The fact remains that without my complete downfall, without hitting rock bottom, I would not have; I could not have, rebuilt my life. I would have continued with my very marginal existence and ultimately, my addiction would have buried me. I was so limited before my recovery. Addiction hones selfishness and my ability to see past my own needs had become virtually non-existent. But in the “rooms”, in the confines of AA meetings, I found salvation. Who else could possibly help me other then someone who has been to hell and made it back; someone, like me, who felt death would have been a welcome relief from the nightmare they were living? Someone who has done the unimaginable to the people they love the most and found the courage to face them again? Someone who has had to deal with the agony of the people they love, but have hurt, not wanting any part of them. Only someone who has moved through their own pain, endured the consequences and was willing to share their experience could help me. The miracle of these rooms is that you are always in the presence of people who have done what you had come to believe was impossible; survive their addiction with all its aftermath, and found meaning in their life. I have discovered and experienced compassion, caring, acceptance and forgiveness for other people and for myself. Only then could I finally begin the process of healing. It has been a long, difficult and painful process but I am here and I am forever grateful and I am doing my best. With all the challenges I now face as a parent, I know I am at least capable of parenting. I wasn’t back then. I live with the reality that when my children needed me most, I was not available. But now I am really here for them. I think they know it. I hope they know it and I pray they let me back in.

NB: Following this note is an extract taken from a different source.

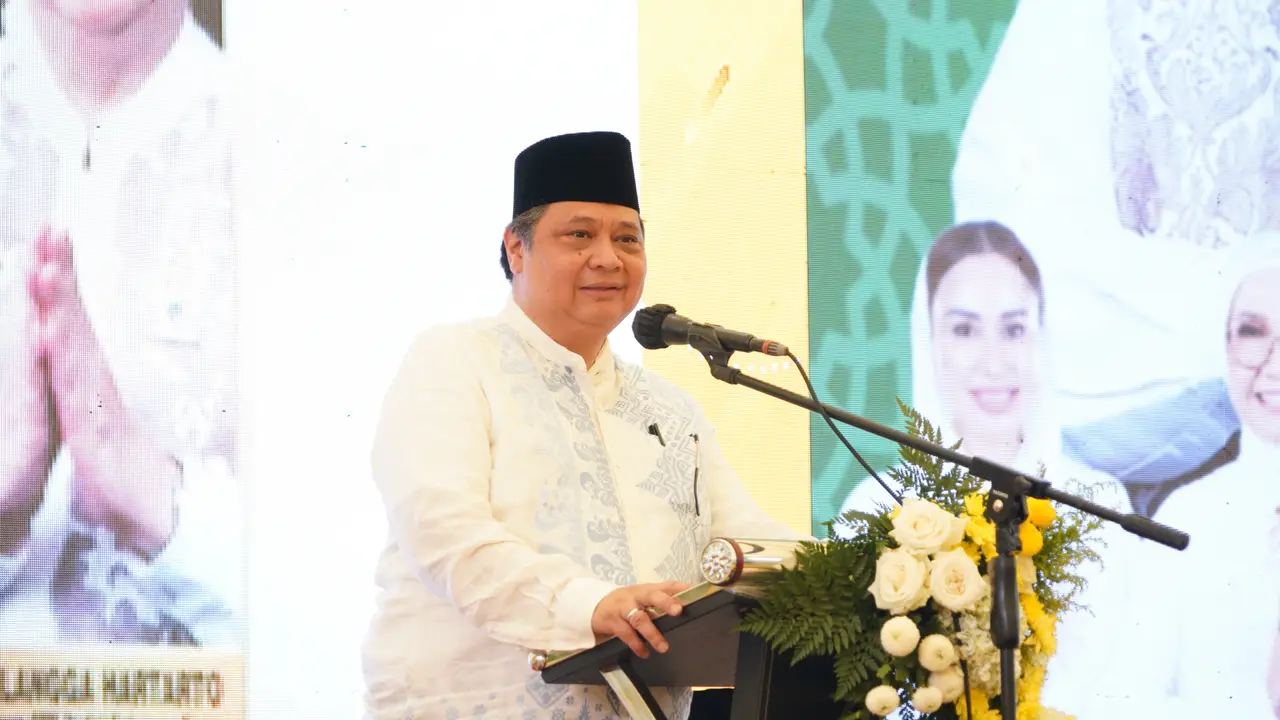 Ketua Umum DPP Partai Golkar Airlangga Hartarto saat menghadiri Dzikir Akbar dan Golkar Bershalawat di Jakabaring Sport City, Palembang, Sumatera Selatan, Sabtu (18/2/2023) (Istimewa)
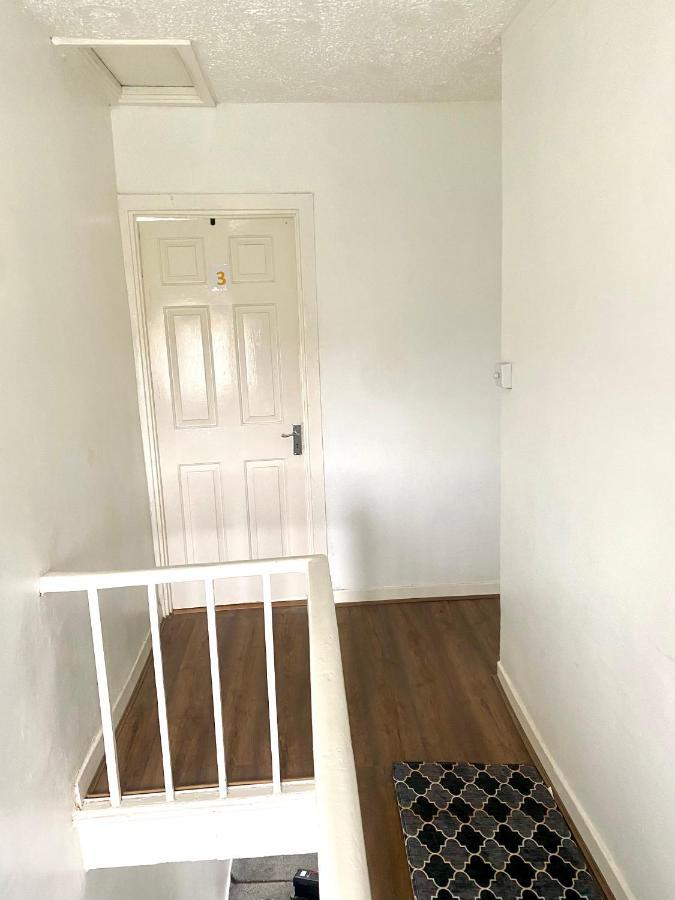 Ferienwohnung Single Bed In A Peaceful House In Morriston Exterior foto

Today, I am fully invested in my job a Substance Awareness Center and I am totally focused on restoring my relationship with my kids. I know, I have my work cut out for me. I thank God everyday for giving me another chance to get it right.

Postscript:

Chris tells his story with remarkable candor. He makes no excuses. He is remorseful about his past without being despondent. He is the father of four fabulous and very accomplished children. He lives in Florida and works as the Coordinator of The Substance Prevention Center; exactly where he feels he is meant to be.

The incredible thing about Chris's story is that it provides absolute proof that no matter how far you fall, you can get back up and start over. You can redeem and reinvent yourself. With enough determination and humility you can overcome anything.

Who am I to Chris? I am his best friend and his biggest fan. I pray for him every day.

When you look hard enough at addiction, you often find it is covering an extraordinarily tender and sensitive soul. More likely than not, that is how the whole problem starts. How many fathers know how to recognize and honor that in their son’s? Not many I’m afraid.